Let’s start at the (very literal) beginning. The universe wasn’t “set up”. The prevailing scientific theory on the origins of our universe is the Big Bang Theory. I think we’ll struggle to explain it in 15 words but here goes: around 13.8 billion years ago, all the matter in our universe was compacted into a very hot, very small ball, even smaller than a pinhead. This is called a “Singularity” and it exploded with unimaginable force, expanding outwards. In a fraction of a second, it went from being smaller than an atom to bigger than a galaxy, and it’s still expanding even now.
We sense your attention span is not what it might be, and so we’ll fast-forward through a few billion years, until animals came into being, with different species emerging, evolving, branching off into new species and subspecies, and often dying out.
Don’t blame us, James, you started this.
Different species look and behave quite differently from one another. Some animals eat plants, some eat other animals, some eat both. The fact that humans, like vegetarian animals, manufacture B12 in our guts (though there was some faulty evolutionary wiring and we cannot absorb it) suggests we have descended from a long line of vegetarian ancestors. But like other animals, we evolved and ate meat. Then we started mass farming animals. Then we ate a lot more meat. Then we got sick from eating it. Then we poisoned the planet by farming animals to produce it. Then we heated the climate with it. And killed off most of the wild animal populations.
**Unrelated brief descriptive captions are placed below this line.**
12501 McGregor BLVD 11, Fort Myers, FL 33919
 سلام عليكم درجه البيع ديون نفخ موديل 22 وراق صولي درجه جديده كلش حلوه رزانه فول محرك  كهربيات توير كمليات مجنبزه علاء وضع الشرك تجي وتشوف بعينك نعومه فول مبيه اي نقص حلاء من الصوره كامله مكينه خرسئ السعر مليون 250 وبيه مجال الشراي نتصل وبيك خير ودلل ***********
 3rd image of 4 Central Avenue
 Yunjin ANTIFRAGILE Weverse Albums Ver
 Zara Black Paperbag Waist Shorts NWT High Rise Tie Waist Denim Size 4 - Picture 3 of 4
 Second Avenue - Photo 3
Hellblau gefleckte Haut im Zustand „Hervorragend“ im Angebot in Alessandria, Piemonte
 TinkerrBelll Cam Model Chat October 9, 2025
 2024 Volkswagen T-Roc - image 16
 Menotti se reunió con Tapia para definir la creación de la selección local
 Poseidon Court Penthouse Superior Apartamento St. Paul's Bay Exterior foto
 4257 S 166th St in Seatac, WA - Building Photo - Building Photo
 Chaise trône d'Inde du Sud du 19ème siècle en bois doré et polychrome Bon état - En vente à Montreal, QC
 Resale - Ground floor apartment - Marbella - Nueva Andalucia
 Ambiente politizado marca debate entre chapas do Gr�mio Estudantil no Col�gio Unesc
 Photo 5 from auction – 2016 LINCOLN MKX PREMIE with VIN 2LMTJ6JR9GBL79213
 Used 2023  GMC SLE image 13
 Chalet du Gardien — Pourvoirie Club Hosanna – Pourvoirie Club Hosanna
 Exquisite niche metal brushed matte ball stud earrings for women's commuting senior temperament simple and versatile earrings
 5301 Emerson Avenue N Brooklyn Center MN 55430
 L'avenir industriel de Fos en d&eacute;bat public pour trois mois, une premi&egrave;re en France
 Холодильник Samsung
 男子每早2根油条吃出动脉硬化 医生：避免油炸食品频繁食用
And then, fast-forwarding some more, some of us evolved to know better, to eat plant-based foods so we can live longer, healthier, happier lives in harmony with our world, and to stop jeopardising our own future on this planet.
We know lots of people still eat meat, and a few of those still like to roar I AM A PREDATOR! (Grrrr.) But in most parts of the world, humans are not predators. As you (surprisingly correctly) say predators hunt prey, they don’t pop down the corner shop to pick up some small piece of flesh, seasoned to make it palatable, pre-cooked for our convenience and wrapped in plastic.
We hate to break it to you James, but you are not a predator. You are a bloke who pushes a trolley round a supermarket.